Our original plan was to have a romantic evening out but it turned out a gluten free friend was having a birthday that week. So we ended up with a small group of friends to enjoy this great evening together. We were seated at a prime location in the restaurant at a round table, and within a minute a bread basket appeared on the table. I recognized the gluten free cornbread muffins but there was something else in there. Oops...they must have put gluten rolls in the basket, rendering everything in it unsafe for us. No actually, they had made gluten free rolls just for us. They were fairly good, but could not compete with the cornbread...it's some of the best cornbread I've ever had, regardless of ingredients.













To keep things simple and worry free, the entire table ordered from the gluten free menu. My husband started with the gluten free mushroom ravioli with truffle cream sauce and I had Chef's signature white bean lobster chili. The crab cakes were actually offered in the appetizer section on the special menu, but Chef made an exception for us and gave us two cakes as an entree choice. They were some of the best I've ever had and certainly the best gluten free version I've tasted. This is probably because it was comprised mostly of crab...some of the best tasting I'd had in a while. All crab cakes should be this decadent....I could have eaten them continuously until morning. But we still had our dessert course coming.


My husband ordered the creme brulee and I had the berry parfait with a gluten free cookie. I wasn't crazy about the cookie part but the rest of my dessert was fabulous.

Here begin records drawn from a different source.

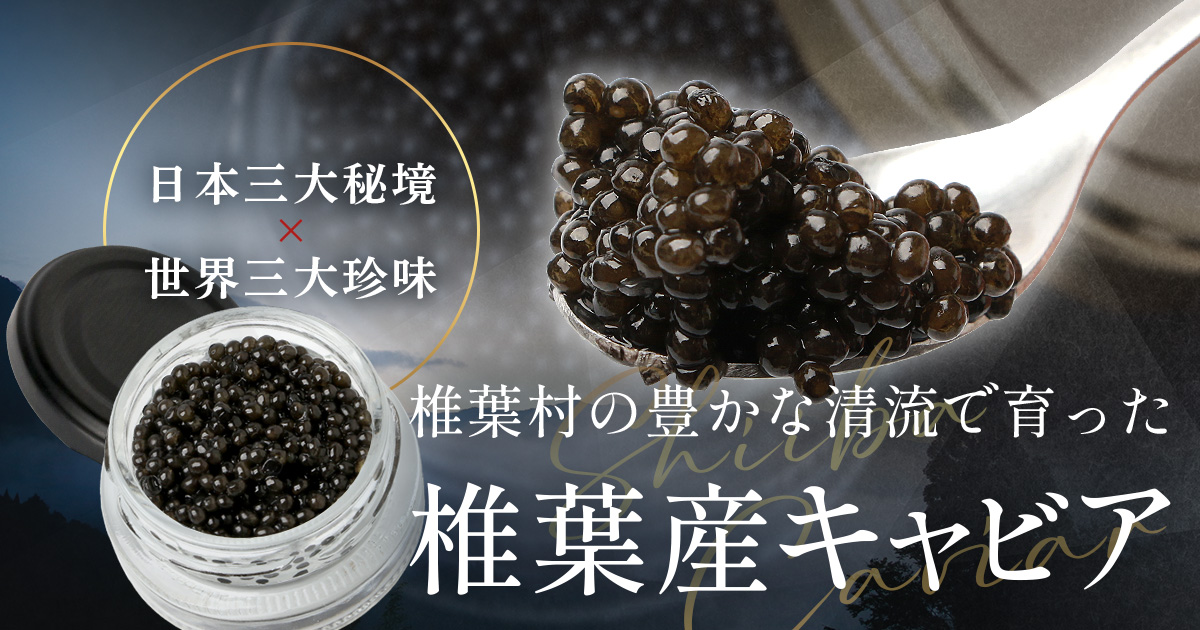 HEIKE CAVIAR 20ｇ×６個【合計120g】【宮崎県 椎葉村】【世界三大珍味×日本三大秘境】［宮崎 椎葉 国産 きゃびあ キャビア チョウザメ 魚卵 卵 クリーミー お酒 魚介 珍味 加工品 冷凍 高級 贅沢 お取り寄せ お取り寄せグルメ ディナー パーティー おつまみ グルメ ギフト 記念日 誕生日 母の日 父の日 お中元 お歳暮 お祝い 贈り物 贈答 桐箱 希少］【SZ-112】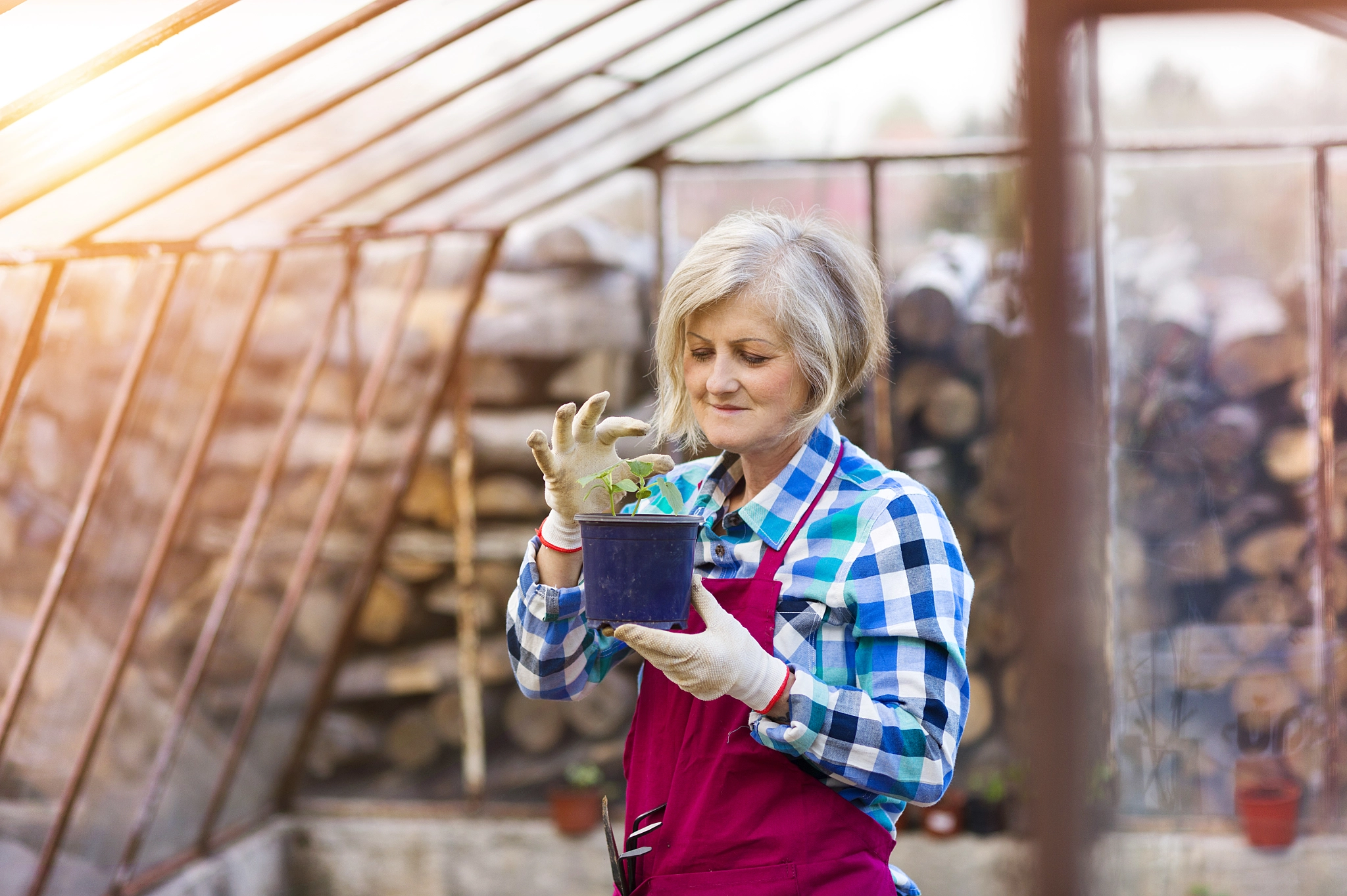Nikon D4S + Nikon AF Nikkor 85mm F1.8D sample photo. Senior woman in greenhouse photography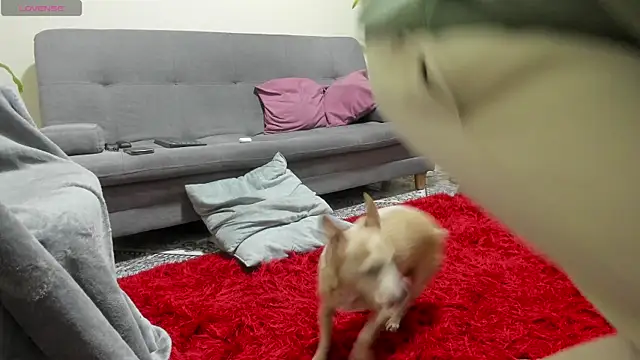 Salvatore costa online show from 09.19.25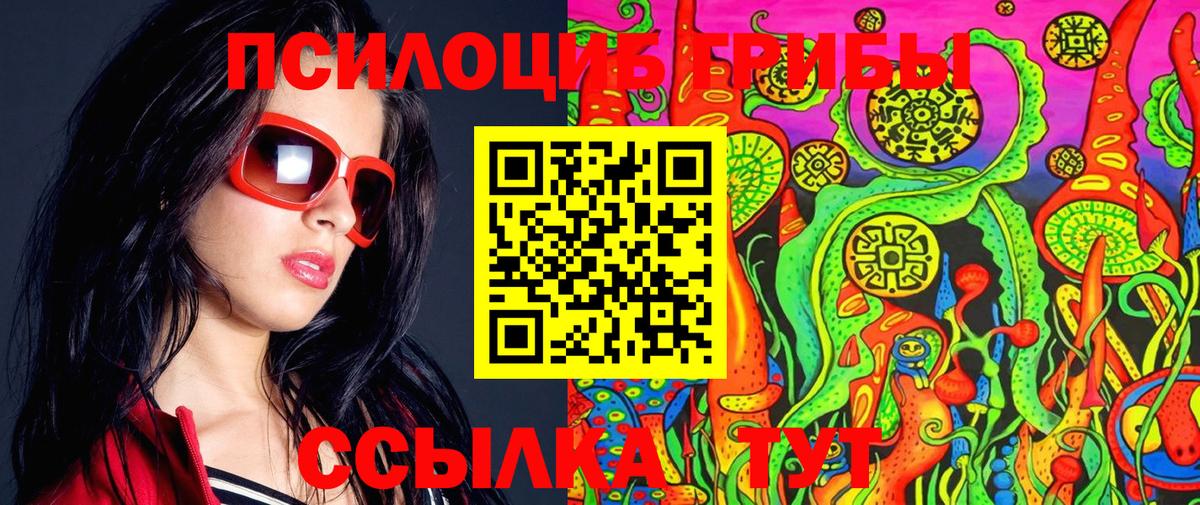 Галлюциногенные грибы Psilocybine cubensis  Вход с VPN  Сатка  Псилоцибиновые грибы Cubensis 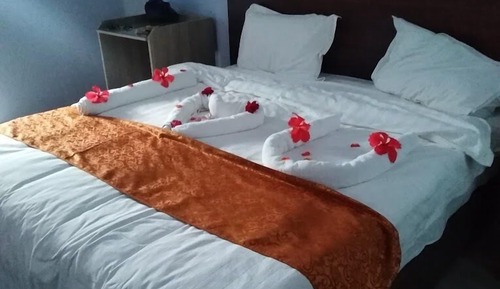 Standard Single Room, Pool View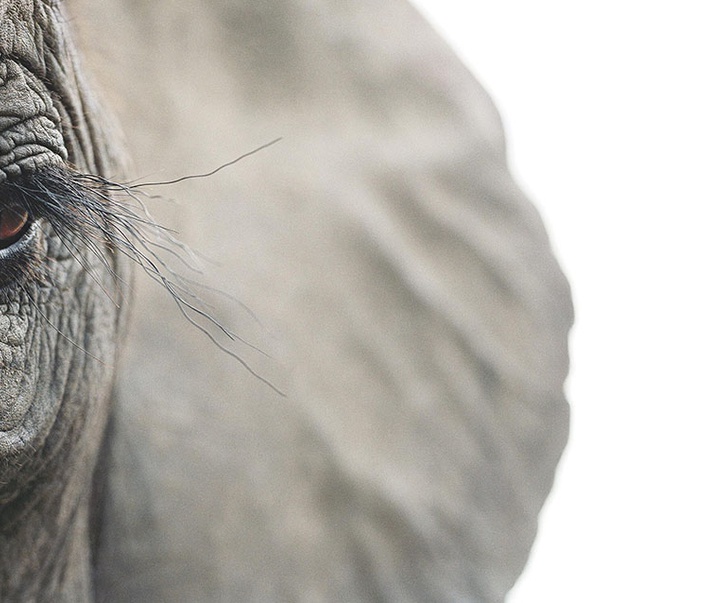 گالری عکس‌های خلاقانه تیم فلچ از بریتانیا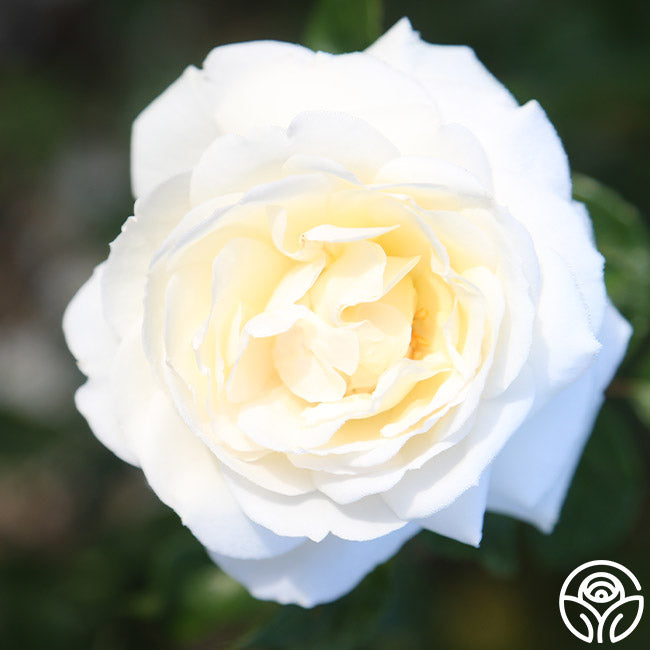 White Gold Roses White Gold Rose - Shrub - Very Fragrant – Heirloom Roses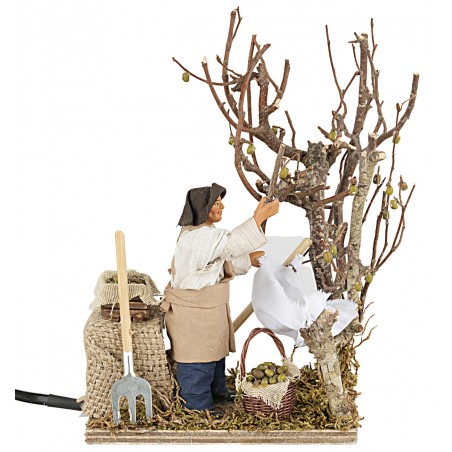 Raccoglitore di olive in movimento 12 cm per presepe Mondo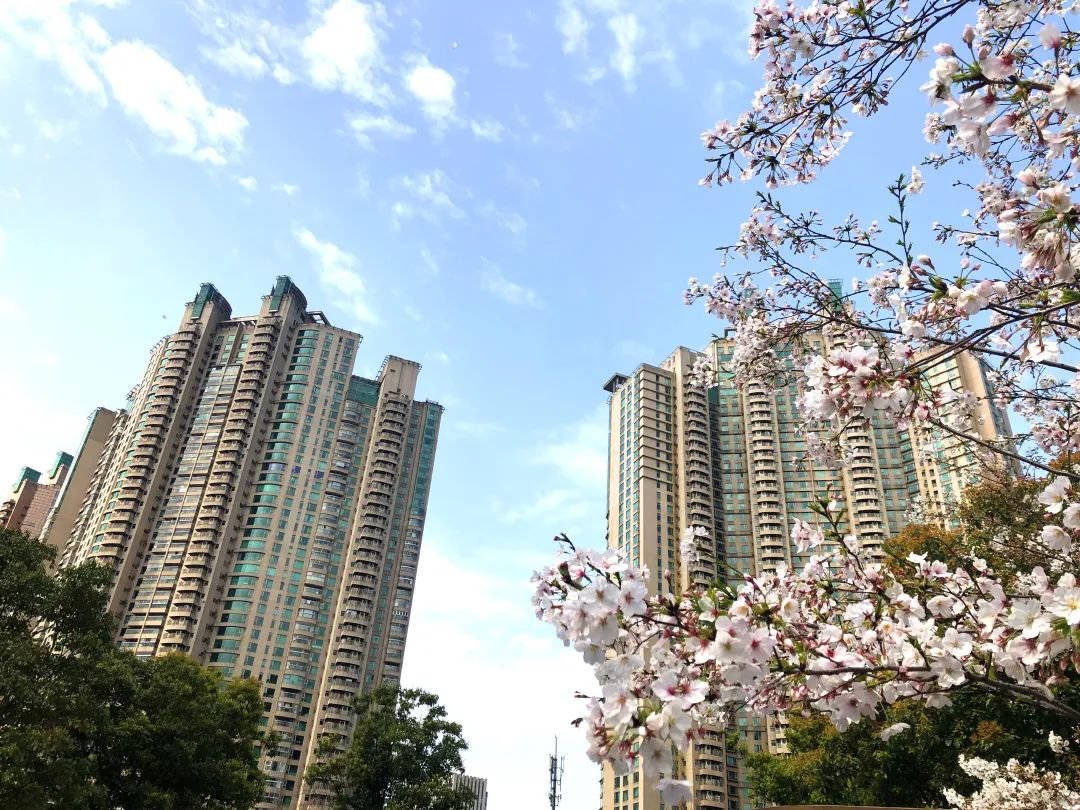 上海世茂滨江花园实景图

The creme brulee was excellent and presented beautifully, with a caramelized sugar spray on top!
















Just as we thought our night would soon end, the server and manager appeared with a special birthday dessert for my friend...what?! Though I had asked for something special for her (at her husband's secret request), when they brought her dessert out with ours, I assumed they hadn't come up with anything special. Since the dessert offered is not available at present, I can't tell or show what exactly it was. But trust me when I say it was out of this world delicious and they should be offering it all the time. It was so unbelievable that as I stuffed a few bites down (very full from dinner), I kept thinking this could not possibly be gluten free - but it was. Pastry Chef Christopher Jennings really outdid himself this time. I can't wait to see what he'll come up with next!


So a very late but sincere thanks to Chef Robert, Managers Augustin and Mike, and the entire staff at Park 75, for making that night so wonderful for all of us. And an extra special thank you goes to Pastry Chef Christopher, especially from the birthday girl! None of us will ever forget the special treatment we received at the Atlanta Four Seasons Hotel! And seriously Chef Robert, you really should consider packaging the lobster chili and selling it retail....





































































Comments

  1. I'm so glad you had a wonderful time at the 4 Seasons. Lobster chili sounds simply fabulous.